In the end, the key is Freedom. Not escape. For escape doesn’t really change the environment or the narrative around us. Escape is merely an action of running away from something… without committing to something different. Conversely, true freedom is liberation. Liberation from living our lives solely or primarily in reaction to the expectations, judgments, and the ‘rules of the game’ imposed externally upon us. Liberation from our felt-need to judge every thought that comes into our head from the perspective of someone else. Liberation from the deceptive, but false, comforts of ‘permanence’ and the attachments of our lives. Liberation from the reality-fleeing behaviors that merely mask our spiritual unhappiness and emptiness. Liberation from the self-imposed disempowerment created by too many of our traditions, rituals, and beliefs. And liberation from our self-surrender to a life within a fishbowl.

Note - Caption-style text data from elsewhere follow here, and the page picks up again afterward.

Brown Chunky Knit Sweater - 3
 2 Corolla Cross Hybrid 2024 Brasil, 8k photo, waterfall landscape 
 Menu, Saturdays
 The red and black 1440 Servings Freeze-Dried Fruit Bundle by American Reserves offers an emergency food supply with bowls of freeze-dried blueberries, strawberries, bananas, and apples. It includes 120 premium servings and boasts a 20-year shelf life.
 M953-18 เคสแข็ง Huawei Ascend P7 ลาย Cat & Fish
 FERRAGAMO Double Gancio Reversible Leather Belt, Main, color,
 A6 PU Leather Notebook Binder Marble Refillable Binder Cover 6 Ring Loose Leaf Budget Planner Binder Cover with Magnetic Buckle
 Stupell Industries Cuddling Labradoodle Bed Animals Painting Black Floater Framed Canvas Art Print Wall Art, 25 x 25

We need freedom and liberation. True freedom starts when we leave the fishbowl and our false fish mask personas aside. When we finally step back with new curiosity, wonder, and openness to look at ourselves with greater love and objectivity. Then commit to real intentionality and daily discipline in making the changes needed to live our lives more fully and spiritually. Within God’s love, grace, and dignity. True freedom arrives when we strive, each and every day, toward greater capacity… not captivity. When we strive toward hope… not a safe habitat. When we strive toward possibility… not imprisonment. When we strive toward freedom… not fishbowls. When we strive toward a better ‘view’. A view from outside the fishbowl for a change.